Vulgarity as a Resource (II) / Miriam Celaya

Rolando Pulido Poster

The recent case of censure against a reggaeton and all the virulent editorial campaign against it –through the official press- bring once again to the spotlight the topic of the cultural revolutionary politics and the controlling function of institutions. The absence of rights touches everyone, not just from the standpoint of artistic phenomenon (let’s generously refer to it as the reggaeton epidemic), but of the control equally exercised over cultural events, authors and the receiving public.

On the other hand, the fact that a subject with the rank of minister should devote his attention to mediocre work, and that an official academician should cast furious rays from her vain heights with pedantry almost as vulgar and coarse as the very song she criticizes, seems more a pose than the real intention to condemn what the cultural Olympus assumes to be an intolerable vulgarity. The confusion lies, then, in properly ascertaining the limits of vulgarity and limiting at the same time in what spheres of social life vulgarity will be allowed without it constituting a blemish in the purity of the “culture” of this people.
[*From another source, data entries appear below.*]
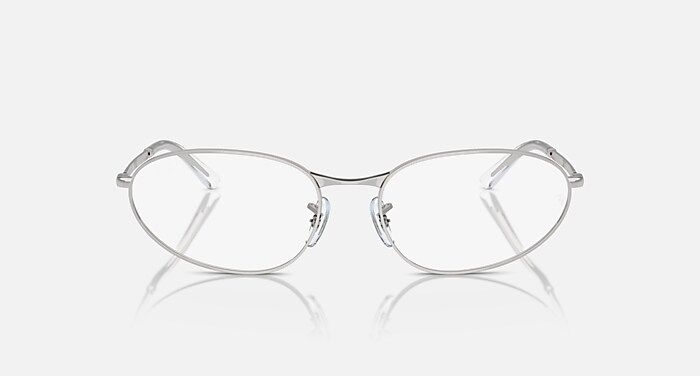 Ray-Ban Eyeglasses Unisex Rb3734v Optics Prescription - Silver Frame Clear Lenses 56-18 Polarized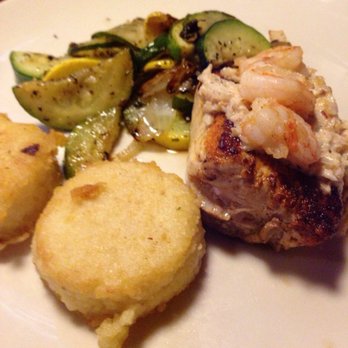 Blue Marlin - Blackened Mahi with shrimp & crab in a citrus sauce. Grit cakes rumored to be creamy on the inside and savory summer veggies. - Seafood Near Me - Columbia, South Carolina Blue Marlin - Blackened Mahi with shrimp & crab in a citrus sauce. Grit cakes rumored to be creamy on the inside and savory summer veggies. - Seafood Near Me - Columbia, South Carolina
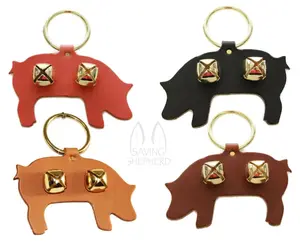 DOOR CHIME - LEATHER PIG with SLEIGH BELLS in 4 Colors - Amish Handmade in USA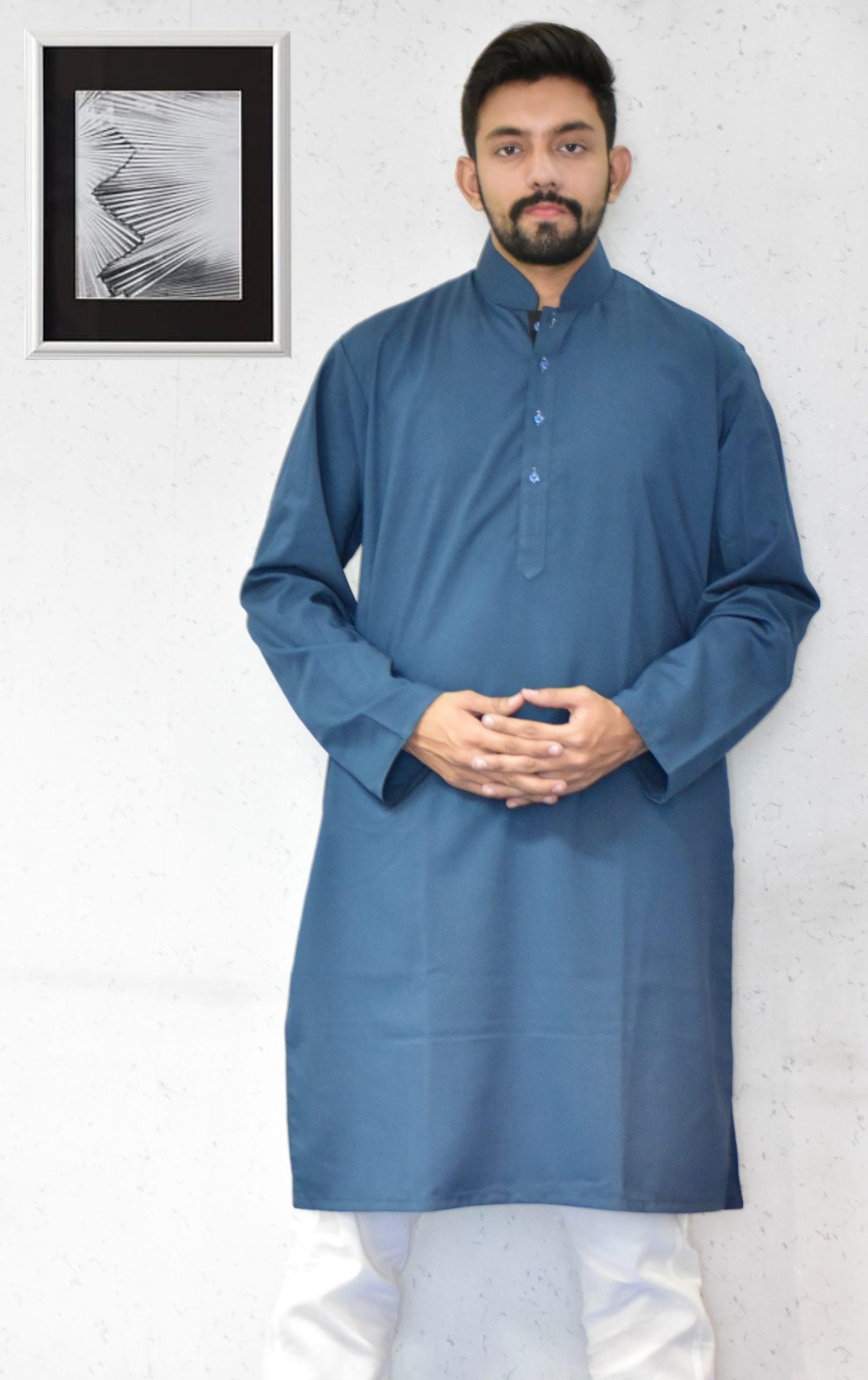 Men Blue Color Kurta Pajama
And I say this because I now come to realize such a host of memories about events that are vulgar, called and encouraged by the powers that be, that I find it difficult to see any consistency between the official discourse and its current claim to decency. I find it even more difficult to understand why the Culture Minister, sensitive as he is, has never acted against more severe cases of rudeness in which large groups of people engage. I maintain, for example, that the image of the aberrations of a multitude constitutes an unspeakable vulgarity; a crowd that offends, insults and attacks peaceful citizens expressing their dissent against the government, especially while dissidents elsewhere are referred to as “outraged”, and whose claims are said to be just. Yes, to be exact, our protesters are a group of women marching peacefully through the streets to church, gladioli in hand, calling for democratic changes and freedom. The vulgarity of the screaming hordes that attack them, which are, in addition, larger in their numbers, is extreme. If, besides that, we know that the mob has been organized and financed by the authorities, that vulgarity attains the category of crime.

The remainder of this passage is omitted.